I Did Not Build FRACAD
Just to Teach Grant Writing.
I grew up in Sapele, Delta State, Nigeria, with a conviction that felt bigger than my circumstances. A belief that African founders, farmers, and community builders deserved access to the kind of capital and institutional support that wealthier parts of the world took for granted.
That conviction drove me into entrepreneurship. Into agribusiness with Vetsark, building programs to support poultry and aquaculture farmers with financing, training, and market access. Into the grant ecosystem, learning by doing. Into advisory roles. Into rooms where funding decisions were made.

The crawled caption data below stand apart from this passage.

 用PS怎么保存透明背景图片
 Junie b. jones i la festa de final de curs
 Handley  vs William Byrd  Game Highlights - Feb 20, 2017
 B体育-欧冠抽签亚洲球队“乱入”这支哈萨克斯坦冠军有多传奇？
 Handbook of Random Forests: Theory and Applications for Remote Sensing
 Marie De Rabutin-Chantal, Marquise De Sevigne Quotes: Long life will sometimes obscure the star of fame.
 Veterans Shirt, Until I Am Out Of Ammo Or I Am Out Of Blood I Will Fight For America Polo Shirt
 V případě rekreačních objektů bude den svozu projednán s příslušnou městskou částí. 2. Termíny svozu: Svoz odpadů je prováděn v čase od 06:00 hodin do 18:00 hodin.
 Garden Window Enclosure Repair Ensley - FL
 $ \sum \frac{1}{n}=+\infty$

"I built FRACAD because I kept watching qualified organizations get rejected. Not because they lacked merit. But because nobody had given them the honest structural guidance they needed."
After years of helping organizations one at a time, I realized the problem was systemic. Most founders are rejected before funders finish reading their first paragraph. Not because their ideas are weak. But because their organizations are not fundable yet. And nobody is teaching them how to fix that.

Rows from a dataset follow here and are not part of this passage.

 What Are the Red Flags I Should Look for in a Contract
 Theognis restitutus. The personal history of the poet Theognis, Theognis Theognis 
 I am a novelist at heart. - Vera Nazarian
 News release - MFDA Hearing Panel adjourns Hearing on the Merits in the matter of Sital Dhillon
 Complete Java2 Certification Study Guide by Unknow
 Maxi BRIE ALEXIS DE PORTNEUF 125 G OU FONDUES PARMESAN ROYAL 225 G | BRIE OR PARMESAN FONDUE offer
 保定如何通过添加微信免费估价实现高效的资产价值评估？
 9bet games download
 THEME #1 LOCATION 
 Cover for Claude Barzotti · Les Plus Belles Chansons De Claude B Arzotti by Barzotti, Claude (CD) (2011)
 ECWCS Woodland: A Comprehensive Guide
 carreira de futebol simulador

So I built the program I wish had existed when I started. That is what FRACAD is.
Today I work across multiple roles: leading Vetsark in Nigeria, advising the entrepreneurship ecosystem at enFocus Inc in South Bend, Indiana, co-building Cascador as an accelerator for African founders, and teaching through FRACAD. Every role is connected by the same thread: helping people build things that last and fund things that matter.
I am a husband, a father of two, and a believer. Faith is not a tagline for me. It is where the courage to keep going comes from.